All code is executed by default with strict mode and warnings off and a "use vX" line is injected, where X represents the major and minor version numbers of the Perl running loggrep itself. This facilitates using modern Perl features.

-t code, --time=code

Code to be used to convert a timestamp expression to a Unix timestamp. This code will see the pattern matched as the sole value in @_, and whatever it returns will be interpreted as the timestamp.

-E code, --exec=code

Code to be used to convert a matched line into something to print. The values in @_ for this code will be the raw line, the line number, and whether it was a match.

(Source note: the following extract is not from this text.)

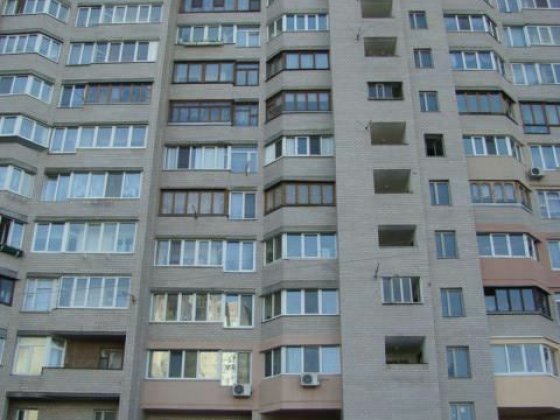 Продам квартиру с сауной трехкомнатную Соломенка/Кардачи/Галана Киев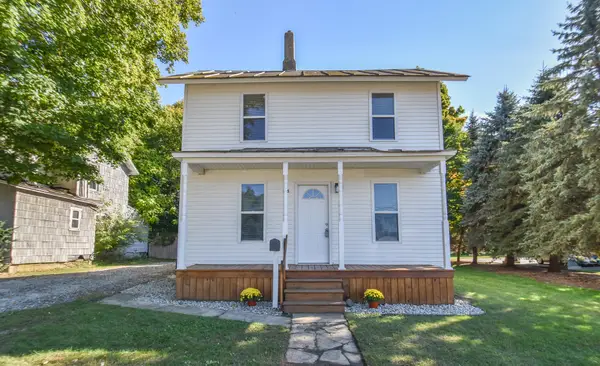 105 W Chicago Street, Quincy, MI 49082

The last parameter allows one to distinguish contextual lines from match lines. Whatever this code returns will be printed.

-M module, --module=module

Additional modules to be imported into the package in which user-provided code is evaluated. This option may be repeated.

Miscellaneous

-h, -?, --help

Print basic usage information and exit.

--version

Print loggrep's version number.

ACKNOWLEDGEMENTS

Thanks go to Green River for letting me spend some time on this when I needed to create a utility to search a large log file quickly.

AUTHOR

David F. Houghton <dfhoughton@gmail.com>

COPYRIGHT AND LICENSE

This software is copyright (c) 2014 by David F. Houghton.

This is free software; you can redistribute it and/or modify it under the same terms as the Perl 5 programming language system itself.